Return Stack Buffer Underflow (RSBU)

Introduction

The branch target injection exploit targets a processor’s indirect branch predictor. Direct branches occur when the destination of the branch is known from the instruction alone. Indirect branches1, on the other hand, occur when the destination of the branch is not contained in the instruction itself, such as when the destination is read from a register or a memory location. The indirect branch predictor uses information about previously-executed branches to predict the destinations of future indirect branches.

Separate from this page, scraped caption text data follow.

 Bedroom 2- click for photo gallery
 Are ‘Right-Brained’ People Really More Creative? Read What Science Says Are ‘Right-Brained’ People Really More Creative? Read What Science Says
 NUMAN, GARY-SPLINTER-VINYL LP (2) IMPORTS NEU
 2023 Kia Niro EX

Programmers’ use of function pointers in compiled languages, like C and C++, can result in indirect calls. For instance, sort functions are frequently passed a comparison function. Each call from inside sort() to compare() in the example below is likely to be an indirect call.

int compare(int a, int b)
{
    return a < b;
}
sort(array, &compare);

In C++, calls to object functions are frequently implemented with indirect calls, especially when inheritance is being used.

Vehicle *car = new Car();
car->drive();

In addition to indirect branches that are performed explicitly by programmers, the compiler itself might insert indirect branches without the programmer ever being aware of them.

Exploit Composition

An exploit using branch target injection is composed of five specific elements, all of which are required for successful exploitation. Traditional application software which is not security-sensitive needs to be carefully evaluated for all five elements before applying mitigation.

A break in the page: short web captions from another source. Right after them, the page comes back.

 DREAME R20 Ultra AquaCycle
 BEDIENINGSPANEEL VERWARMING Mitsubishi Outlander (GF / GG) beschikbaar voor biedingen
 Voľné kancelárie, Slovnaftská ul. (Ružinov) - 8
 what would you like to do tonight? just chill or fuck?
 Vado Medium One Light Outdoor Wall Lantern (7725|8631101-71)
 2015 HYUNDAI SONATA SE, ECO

  1. The target of the exploit (the victim) must have some secret data that an exploit wants to obtain. In the case of an OS kernel, this includes any data outside of the user’s permissions, such as memory in the kernel memory map.
  2. The exploit needs to have some method of referring to the secret. Typically, this is a pointer within the victim’s address space that can be made to reference the memory location of the secret data. Passing a pointer of an overt communication channel2 between the exploit and victim is a straightforward way to satisfy this condition.
  3. The exploit’s reference must be usable during execution of a portion of the victim’s code which contains an indirect branch that is vulnerable to exploitation. For example, if the exploit pointer value is stored in a register, the attacker’s goal is for speculation to jump to a code sequence where that register is used as a source address for a move operation.
  4. The exploit must successfully influence this indirect branch to speculatively mispredict and execute a gadget. This gadget, chosen by the exploit, leaks the secret data via a side channel, typically by cache-timing.
  5. The gadget must execute during the “speculation window,” which closes when the processor determines that the gadget execution was mispredicted.

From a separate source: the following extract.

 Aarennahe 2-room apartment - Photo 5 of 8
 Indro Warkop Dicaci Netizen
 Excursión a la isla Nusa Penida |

The retpoline mitigation is applied to mitigate the vulnerable indirect branches in element 4 and has no effect on the other elements. But because the exploit depends on satisfying all five elements, removing element 4 is sufficient to stop the branch target injection exploit.

Retpoline Concept

Mitigations for speculation-based, side-channel security issues fall into two categories: directly manipulating speculation hardware, or indirectly controlling speculation behavior. Direct manipulation of the hardware is generally performed by microcode updates or manipulation of hardware registers. Indirect control is accomplished via software constructs that limit or constrain speculation. Retpoline is a hybrid approach since it requires updated microcode to make the speculation hardware behavior more predictable on some processor models. However, retpoline is primarily a software construct that leverages specific knowledge of the underlying hardware to mitigate branch target injection.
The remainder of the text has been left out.